The regulations released yesterday give important clarity to investors in Opportunity Zones, particularly those looking to invest in the kinds of operating businesses that create meaningful economic opportunity for residents of Opportunity Zones. Treasury also took important steps to preempt abuse – speculators won’t be able to buy up land for parking lots or safe deposit boxes.
Unfortunately, this rule from Treasury fails to address public transparency and accountability in a meaningful way. Treasury was tasked with facilitating a new market for investments in low income communities, but markets don't operate efficiently in the dark. Basic public reporting would enable more effective capital matching and more proactive partnerships between communities and investors. It would also give us a chance to know in real time if the policy is succeeding, or if we need to refocus with additional resources for communities or modifications to the policy.
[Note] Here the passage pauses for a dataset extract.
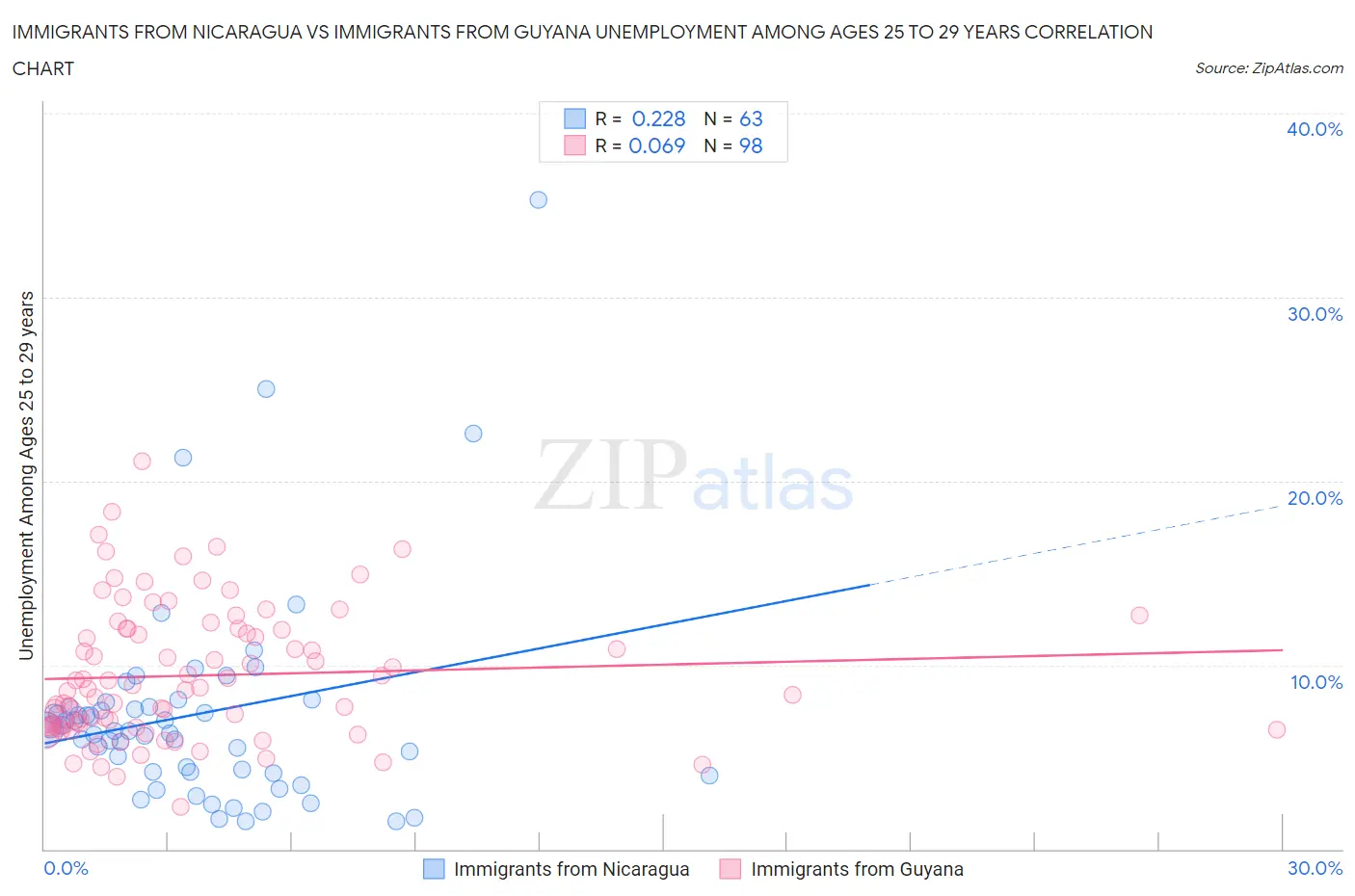 Immigrants from Nicaragua vs Immigrants from Guyana Unemployment Among Ages 25 to 29 years
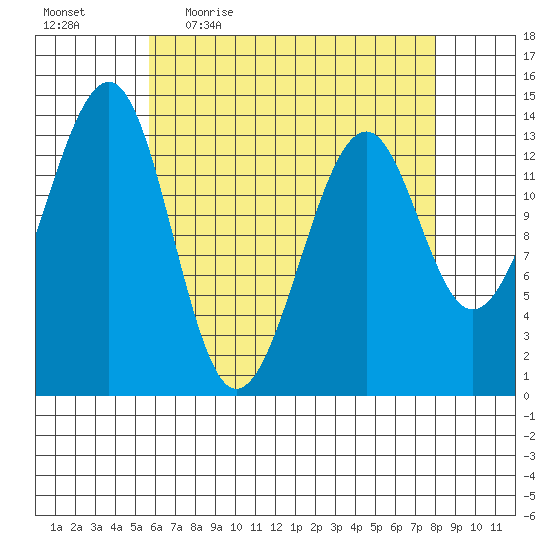 Thorne Island tide chart for Friday, April 16, 2021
For the time being, it will fall to private actors and local communities to try and discern the impact of this policy. In the absence of a complete national picture, we run the risk that bad headlines will continue to overshadow any bright spots. We have already seen negative stories put a chill on investment and give rise for calls for repeal. But far more importantly, the residents of Opportunity Zones are at risk of being left out of the conversation altogether, and the places of greatest need and greatest opportunity for transformation could be passed over.
The best we can do for now is to double down on efforts to highlight best practices. Stories from places like Alabama and South Central Los Angeles show what can be achieved if community engagement and impact are priorities. Hopefully policymakers can learn from those lessons and going forward they will give other communities the opportunity and resources they need to succeed.